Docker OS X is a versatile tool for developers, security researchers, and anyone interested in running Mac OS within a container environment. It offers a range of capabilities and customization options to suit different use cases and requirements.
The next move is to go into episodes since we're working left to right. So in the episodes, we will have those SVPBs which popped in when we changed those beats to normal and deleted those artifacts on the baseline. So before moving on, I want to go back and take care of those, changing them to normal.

........

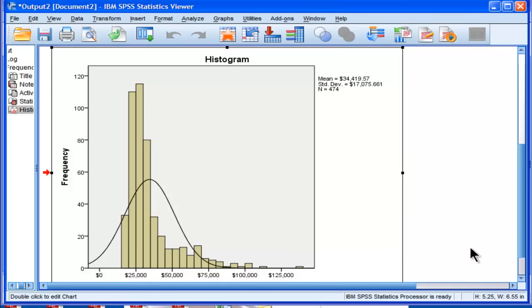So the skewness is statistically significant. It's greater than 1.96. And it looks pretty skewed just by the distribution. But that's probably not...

........

• **What is being asked**
The lines above, starting at the one with "Docker OS X" and ending at the one with "The next move", are the only ones to return, exactly as written.

• **Completed task**
Docker OS X is a versatile tool for developers, security researchers, and anyone interested in running Mac OS within a container environment. It offers a range of capabilities and customization options to suit different use cases and requirements.
The next move is to go into episodes since we're working left to right. So in the episodes, we will have those SVPBs which popped in when we changed those beats to normal and deleted those artifacts on the baseline. So before moving on, I want to go back and take care of those, changing them to normal.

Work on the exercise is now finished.